Multi-Turn Agentic Harnesses | NVIDIA Dynamo Documentation

An agentic exchange must preserve a structured interaction: assistant turns interleave reasoning with one or more tool calls, and subsequent user turns return the corresponding tool results to the model context. Reasoning replay is model- and turn-dependent: some reasoning should be retained, while some should be dropped. The inference engine is responsible for this more expressive interaction and for producing correctly segmented API results. Tool-call parsing and reasoning parsing need to happen before the attached harness consumes the response. High-value agentic workflows such as coding also depend on a responsive harness experience: reasoning segments, tool-call events, and request metadata need to stream back as the turn unfolds instead of arriving after a final text response. This post covers lessons from running real agentic clients against Dynamo: how we hardened parser and API coverage and how those parser layers became standalone reusable crates.

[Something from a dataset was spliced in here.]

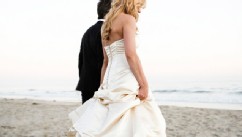 PHOTO: Bride and groom walking on beach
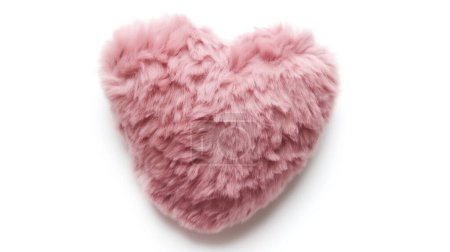Una almohada rosa esponjosa en forma de corazón sobre un fondo blanco, que evoca una sensación de calidez y afecto.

These changes build on the performance considerations outlined in our first post, which focused on the serving architecture underneath agentic inference: the frontend, router, and KV cache management. This follow-up focuses on correctness, user-experience equivalence, and performance.

Agentic harnesses are still evolving quickly. Claude Code, Codex, and OpenClaw expose the same pressure points from different API surfaces, so the examples below focus on the core behaviors that custom serving stacks need to reproduce.

Standard server vs Dynamo across two turns of an agent loop. Each turn crosses the network at two edges: harness-to-server (where prompt stability decides cache reuse) and server-to-harness (where streaming tool dispatch decides when the harness can act). Dynamo changes both edges.

Harness-Facing Dynamo Settings

Our experiments used the newly released nvidia/NVIDIA-Nemotron-3-Super-120B-A12B-NVFP4 model, though the same issues apply across models, reasoning parsers, and tool-call parsers.

To reproduce our results, configure the frontend with the Anthropic-compatible API and the flags that preserve prompt, reasoning, and tool state:

--enable-anthropic-api exposes the Anthropic Messages API to harnesses. Many harnesses can fall back to the default Messages API, but the experience is degraded.
--strip-anthropic-preamble removes the Anthropic billing header that can destabilize KV reuse.
--enable-streaming-tool-dispatch lets complete tool calls start executing as soon as they are decoded, rather than waiting for the end of the turn.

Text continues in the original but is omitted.